Я поднял святого Хуана Диего.
— Это ты, Квинн и Мона — вот кому не сидится на месте, — сказала она. — Я чувствую твою неугомонность. Но ферма Блэквуд? Она переживет вас всех.
Она еще раз быстро поцеловала меня. Потом вышла, ее бедра красиво покачивались в обтягивающем красном платье, ее ноги выглядели восхитительно благодаря тонким каблукам, ее сильно выбеленные волосы были высоко подняты — леди, у которой есть ключи и есть будущее.
Я пошел со Стирлингом.
Мы забрались в машину с низкой посадкой, я ощутил замечательный запах кожи, Стирлинг натянул пару симпатичных бежевых водительских перчаток, и мы загромыхали по выездной аллее, ухая на каждом камне и булыжнике.
— Вот это спортивная машина! — провозгласил я.
Кончик сигареты Стирлинга вспыхнул огоньком, и он еще разогнал машину.
— Да, детка, — закричал он сквозь ветер, будто сбросив двадцать лет жизни, — и если тебе нужно загасить сигарету, ты можешь сделать это прямо по дороге, — сказал он. — Это прекрасно.
Мы с грохотом въехали в болотистую местность. Мы так и гнали и безумствовали до Центра Мэйфейров, домчавшись до него где-то за три часа до рассвета.
Я долго шел по коридорам, поражаясь росписи на стенах и скамеечкам, и местам, предназначенным для семей пациентов, и пышным убранством комнат ожидания с их мягкой мебелью и картинами. И вестибюлям с их впечатляющими скульптурами и сияющим мраморным полом… А затем я слонялся по коридорам лабораторий и исследовательских центров, и затерялся в лабиринте секретных мест, и там индивиды в белых одеждах, мимо которых мы проходили, кивали мне, подтверждая, что я, с прижатой к груди статуей, двигаюсь в правильном направлении.
Он был грандиозным, настолько, что это с трудом укладывалось в моей голове, этот монумент семье и одной женщине. Носящий отпечаток тысяч жизней. Величественный сад, в почву которого были бережно посажены семена, чтобы здесь вырос лес стремящегося в вечность великолепия.
Что делал я на священной горе той, которая работала бок о бок с Богом?
Я нашел Оберона в бархатном уголке.
Оберон стоял у окна в белой врачебной форме и вглядывался в две освещенные дуги мостов. Строения в деловой части излучали мягкое кристаллическое сияние. Он развернулся, когда я вошел в комнату.
— Святой Хуан Диего, — сказал я, водружая святого на столик у кровати.
— О, спасибо, — тепло сказал он, без намека на прошлое пренебрежение. — Теперь я смогу уснуть.
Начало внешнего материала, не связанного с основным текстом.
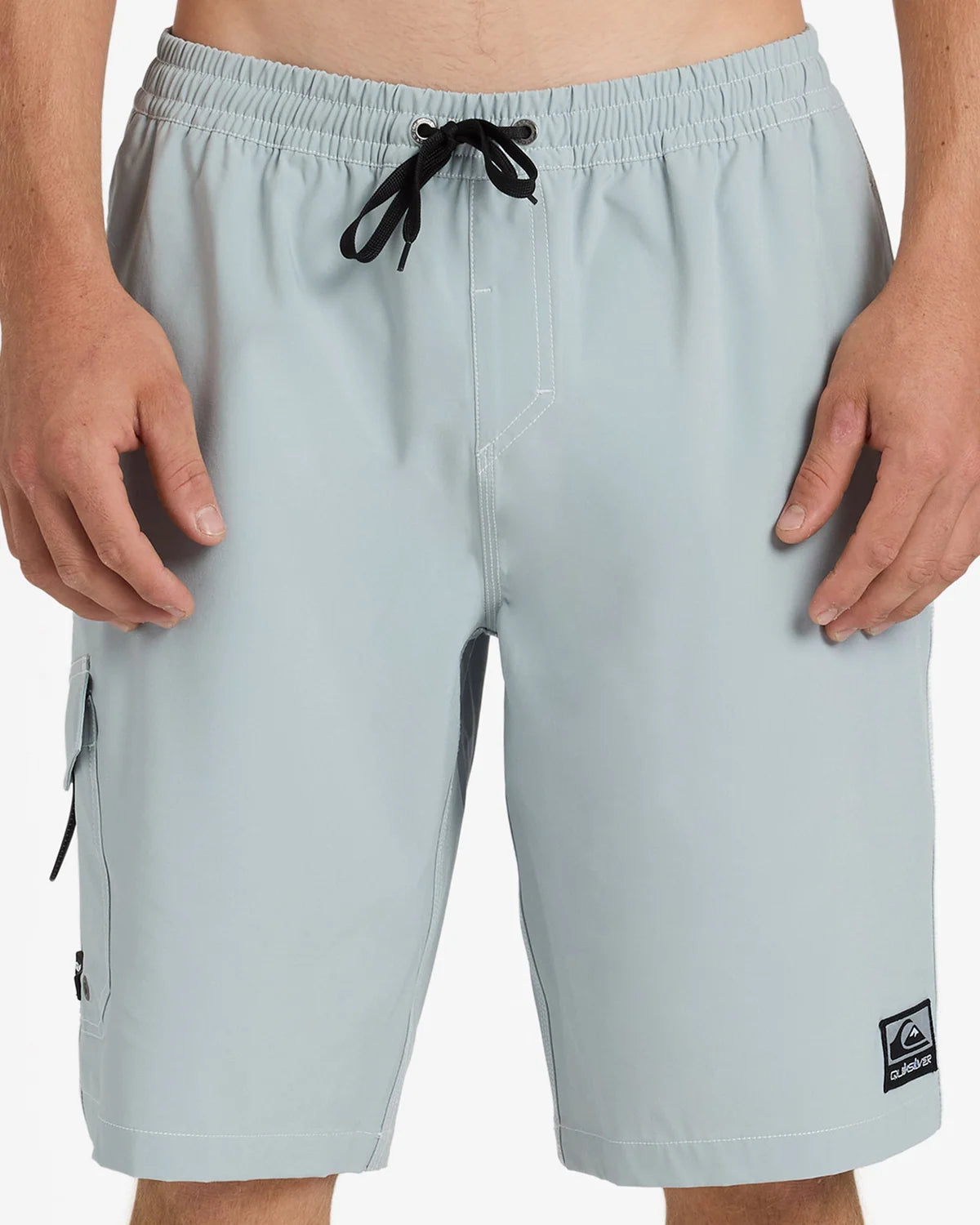 Quiksilver Mens Exhibit 21" Volley Shorts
— Ты несчастлив? — спросил я.
— Нет, — мягко ответил он. — Только удивлен. В своей клетке я говорил себе, что вся красота может уместиться на волнах вечно меняющегося моря. Мне было необходимо в это верить. Но нет же, огромный мир так богат чудесами. Я очень счастлив. И моя душа больше не печется о Миравелль, моей сладкой глупой Миравелль! Я в безопасности. И она тоже. И я свободен.
Глава 28
В комнате поддерживалась температура градусов 40. Даже мне было холодно. У Ровен посинели губы. Но она терпеливо стояла со скрещенными на груди руками сразу за дверью, прижавшись спиной к стене, предоставив нам столько времени, сколько было нужно. На ней были белые брюки и белый халат с прикрепленной к нему табличкой, на которой значилось ее имя. Ботинки у нее были черные и ничем не примечательные. Зачесанные назад волосы открывали лицо. На меня она не смотрела. Я был этому рад.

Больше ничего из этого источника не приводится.